Perhaps one of the biggest knocks franchising has taken in the years of recession has been that prospective franchisees just aren’t lining up to fork out the millions required to buy big brand names. Even the slightly less famous brands have required at least half the total investment to be unencumbered capital. It’s a tall order for most.
Still, there are franchises out there that are doing very well – experiencing healthy growth and profit in spite of the market challenges that exist.
So what’s their secret? It boils down to two things: They either have a powerful brand with virtually 100% top-of-mind awareness with consumers, like KFC or McDonald’s, or they have a compelling value proposition that is driving their growth. Both options give potential buyers confidence and security.
When A-list is out of reach
When a brand doesn’t have a famous name to rely on, but desires rapid growth, they need to have numbers on their side – in a big way. In fact, the money side of the business can become even more important than the product or service the business offers. So here are three key factors that lesser known, but rapidly growing franchises have in common that you need to look out for:
1. Low investment
It’s no secret that financing has become a difficult task. Buyers in today’s market therefore need to find lower investment levels. Some franchises available in South Africa, depending on the sector, start as low as R150 000, and many rapid growth franchises have total investments of less than R750 000 all in.
Caution: To avoid scams in low investment opportunities, make sure they are part of a respected, larger holding company or FASA accredited. Be wary of investing in a brand simply because it‘s cheap.
Make sure you conduct your due diligence thoroughly, which means contacting as many existing franchisees as possible and not relying solely on the franchisor’s word.
2. Rapid break-even
Traditionally, a business was viewed as a success if it reached profitability by the second or third year in operation. In today’s market, buyers are looking for a much quicker path to profits.
They simply don’t want to be in the position of having to feed additional cash into a new business to cover operating deficits for any significant length of time.
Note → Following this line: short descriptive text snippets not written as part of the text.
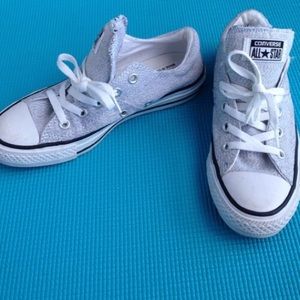 Converse heather grey sneakers size 6! New!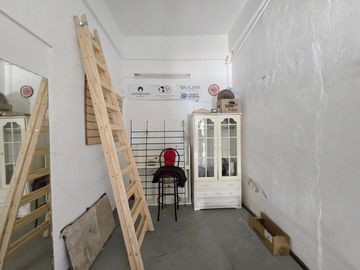 VENTA CASA LOCAL PASO DEL REY 3 AMBIENTES  CREDITO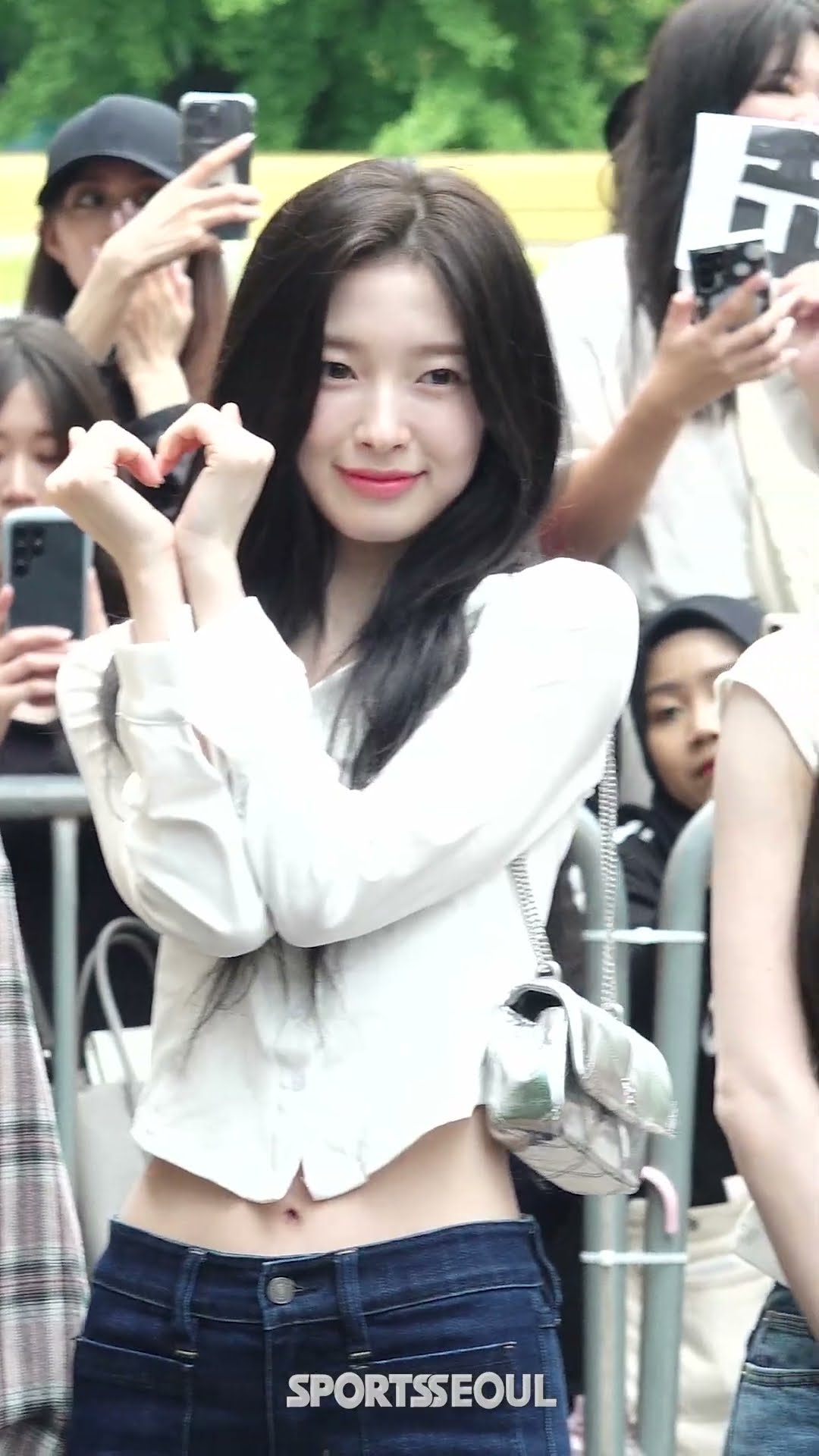 오마이걸 아린, 눈부신 천사의 미소 #OHMYGIRL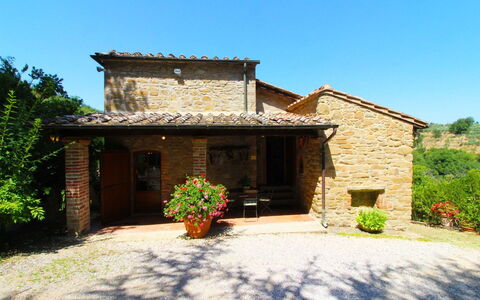 Villa Gioiosa: Plante, Ciel, Bâtiment, Fenêtre, Propriété, Fleur, Porte, Arbre, Maison, Lot Terre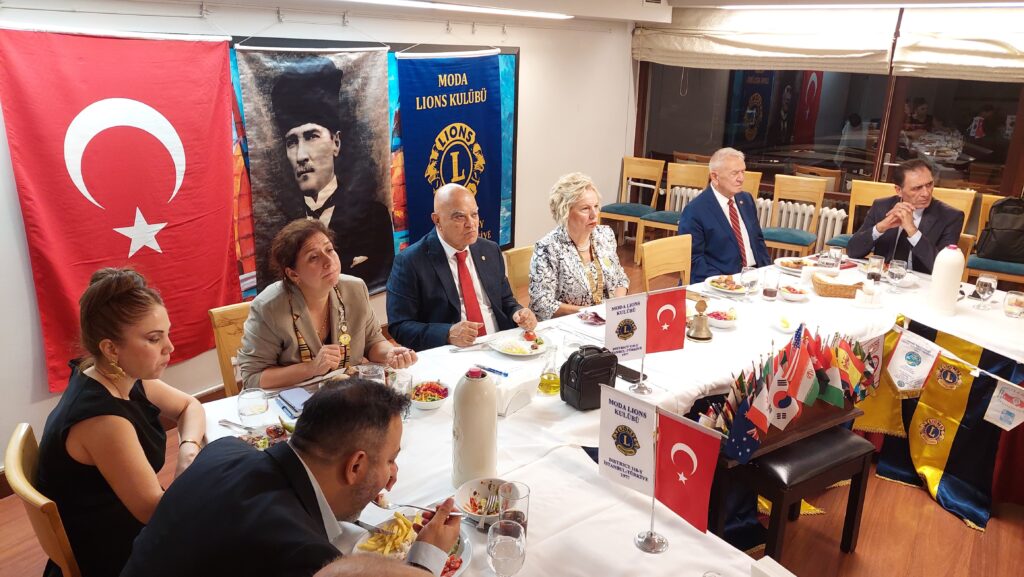 Dünya Türkleri Birliği - Turkish Forum Başkan danışmanı Sn. Abdullah Türer Yener Beyin onur konuğu olduğu toplantıda Güney Azerbaycan konusu konuşuldu. - abdullah turer yener moda lions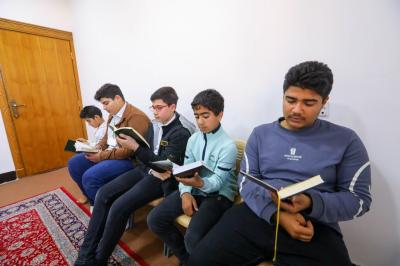 المجمع العلمي يطلق المخيم القرآني الربيعي لطلبة الحفظ في كربلاء المقدسة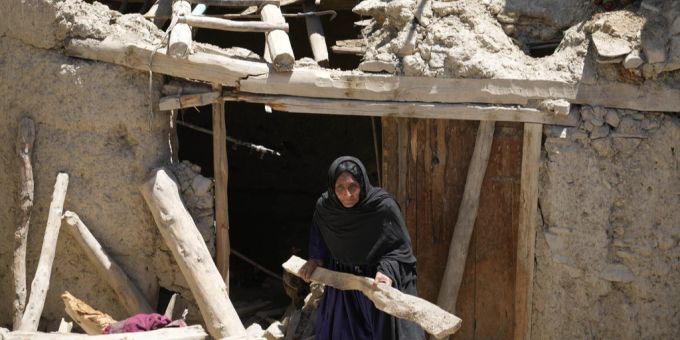 Nach dem Erdbeben in Afghanistan die die ersten Rettungsarbeiten abgeschlossen. Erdbeben in Afghanistan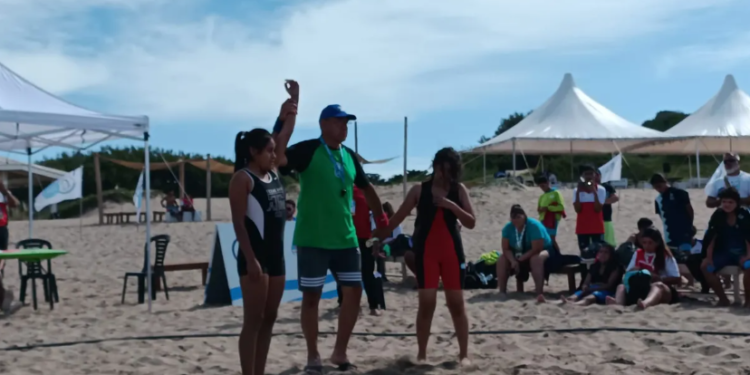 Lucha: La jujeña Velázquez va por el podio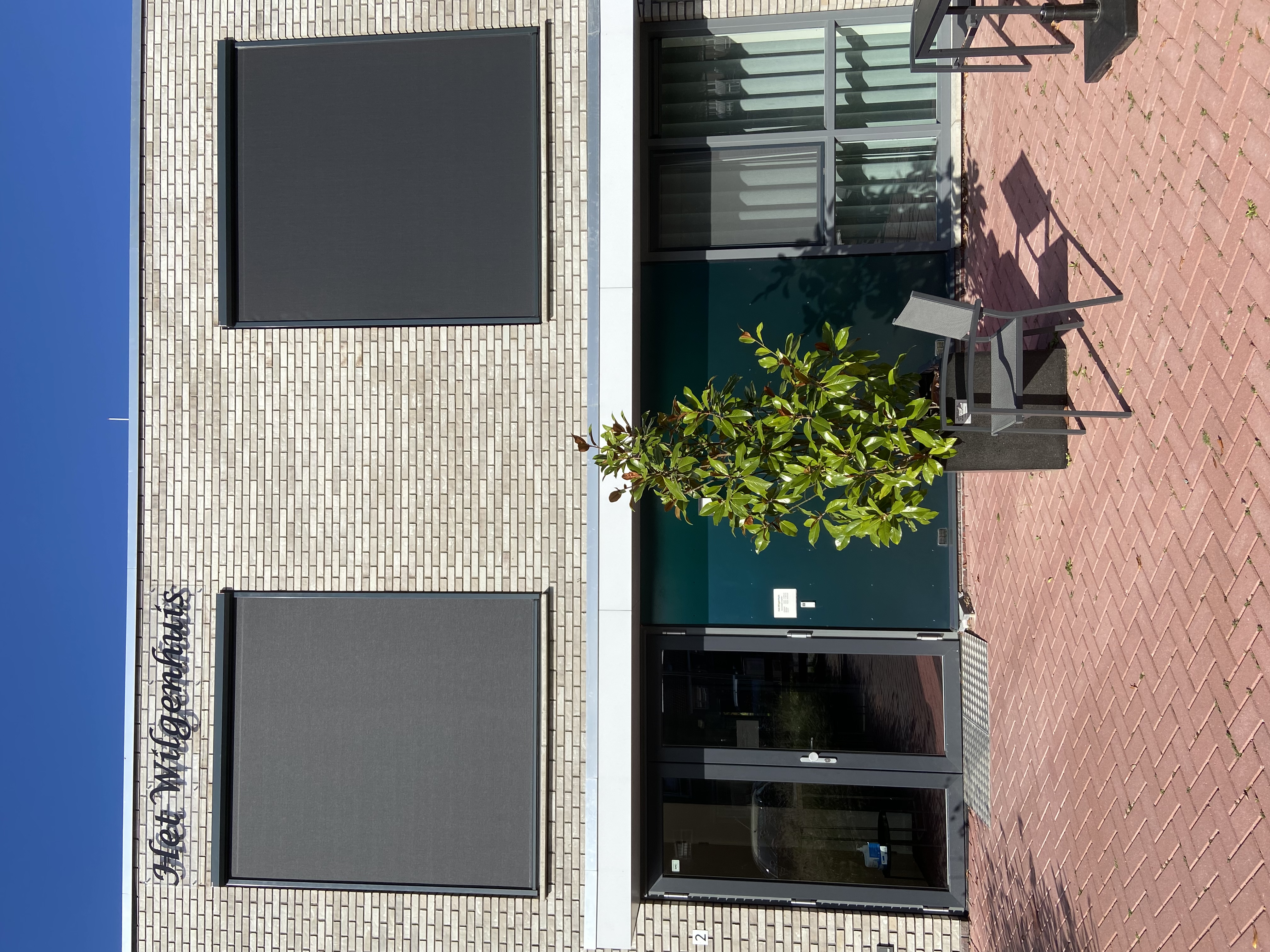 Zip screens gemonteerd bij Amado Zorg Dronten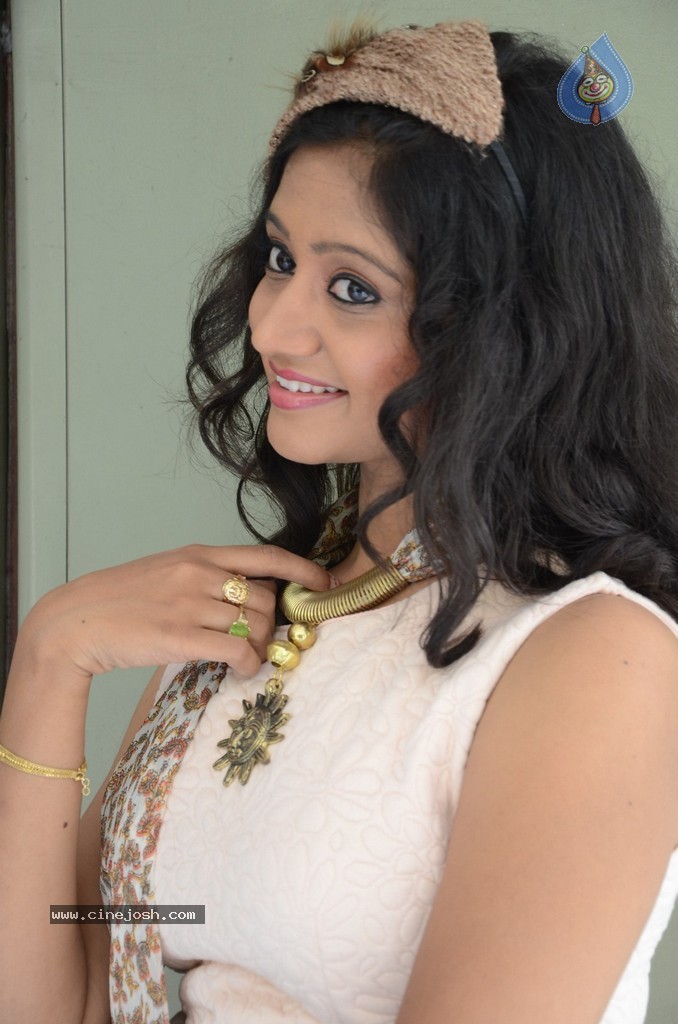 Sandeepthi Latest Stills - 34 / 66 photos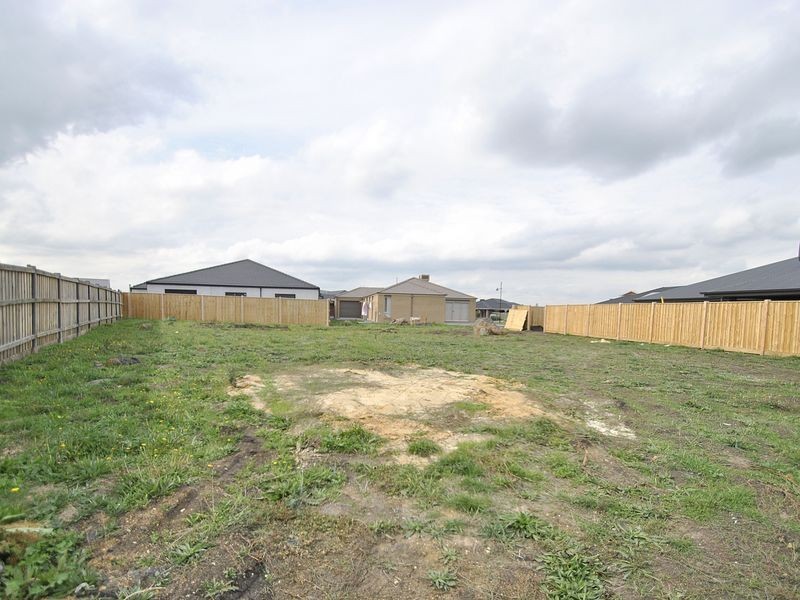 3 Blossom Way, Beveridge VIC 3753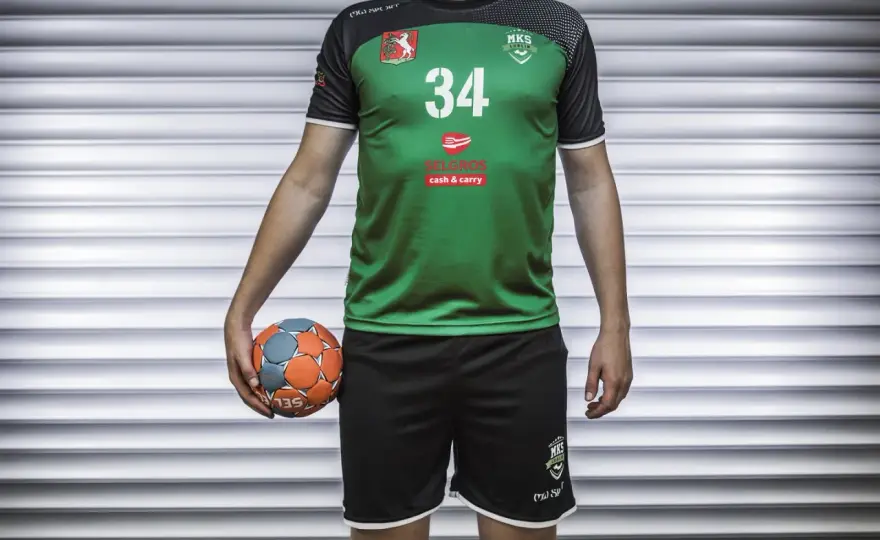 Stroje do piłki ręcznej - Wybór i personalizacja dla drużyny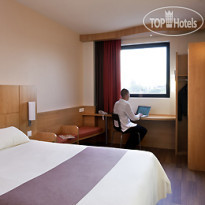 Ibis Barcelona Ripollet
Many of the fastest growing franchises boast a break-even point within the first year of operation and, in some cases the first few months.
Caution: Where possible, be wary of franchisors who promise break-even within three to four months. Always anticipate a longer break-even period and have the necessary working capital to tide you over, but most importantly, ask existing franchisees how long it took them to break even and compare it to what your franchisor is promising.
3. High margins
Also important in today’s market is being able to deliver high profit margins. That way, a business can quickly increase its total profit to a meaningful level once it starts making money. Where in the past a business may have put 5% to 10% of every sales transaction toward the bottom line after reaching break-even, today’s buyer is looking for business with sales margins at least three to five times that level.
Caution: Pay careful attention to the price points of your prospective franchise’s offering. For brands targeting lower LSMs, profit will be based on a low margin, high volume tactic.
If a company scores well on these money issues, they still need to convince potential buyers that they have strong and dependable consumer demand to support their business with plenty of paying customers. Service-based franchises often seem to be the best fit in terms of satisfying both the money requirements and the need for reliable demand.
So how do you find these hot franchises?
Start digging, and then dig some more. Look for evidence of rapid growth and then burrow down to find the story behind that growth. When you find a company that’s growing rapidly and has all of the characteristics listed here, you’ve got a good target for moving forward and conducting a complete and thorough investigation.
Among other things, get to know the staff of the franchise company, carefully read their disclosure documents, talk to a number of existing franchisees, and make sure their culture and values match yours – after all, no matter how cheap it is, if it doesn’t gel with your values, it’s going to be hard to invest your time and energy into making it a success.
There are so many franchise options out there in a range of industries, but there are important factors to be fully aware of before parting with your money – no matter how ’cheap‘ the deal appears to be. Here’s what to look out for:
- Half the franchisees aren’t making the kind of money you want to make or that the franchisor has promised.
- Franchisors are blaming franchisees for lack of system compliance and/or success. If they can’t recruit properly, how will they operate a franchise properly?
- The model is constantly changing. If the franchisor is continually tinkering with the concept, you need to ask why – it may not work.
- Can you get hold of the franchisor? Scarce ones are warning signs. Find out what other franchisees think of their franchisor-franchisee relationship.
- Keeping it in the family. Sometimes franchises can be too cosy. While family isn’t a no-go in head office, a good company needs highly skilled and seasoned management. If they‘re family make sure they’re qualified.